IFRAの比較はリスト内部の比較になる。 263項目は規制対象として選ばれた材料であって、材料一般の標本ではない。天然/合成の分割はキーワード照合なので、一部の単品を誤分類し、該当語を含まない天然物を見落とす。
ペルーバルサムの高い値には交差反応が含まれる。 ベースラインシリーズでの役割はマーカーなので、その数字をこの一材料に全額請求することはできない。

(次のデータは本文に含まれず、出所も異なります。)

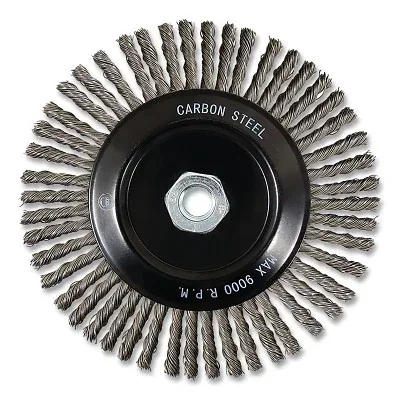 Wire Wheel Brush, 7 in dia, 5/8 in-11 Bore, 0.020 Wire Size, Carbon Steel, 9000 RPM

この記事は頭痛に答えていない。 データを見つけられなかったのであり、推測で埋めても記事は良くならない。
参考文献
J. Geier ほか, Contact sensitization to essential oils: IVDK data of the years 2010-2019, Contact Dermatitis, 87(1), 71–80 (2022). PMID 35417610. doi:10.1111/cod.14126
W. Uter ほか, Patch Test Results With the European Baseline Series, 2021/2022 — Joint European Results of the ESSCA and the EBS Working Groups of the ESCD, and the GEIDAC, Contact Dermatitis, 95(1), 17–32 (2026). PMID 41819607. doi:10.1111/cod.70134
IFRA, Index of IFRA Standards – 51st Amendment(2023-06-30 通知)。2026-08-27 確認。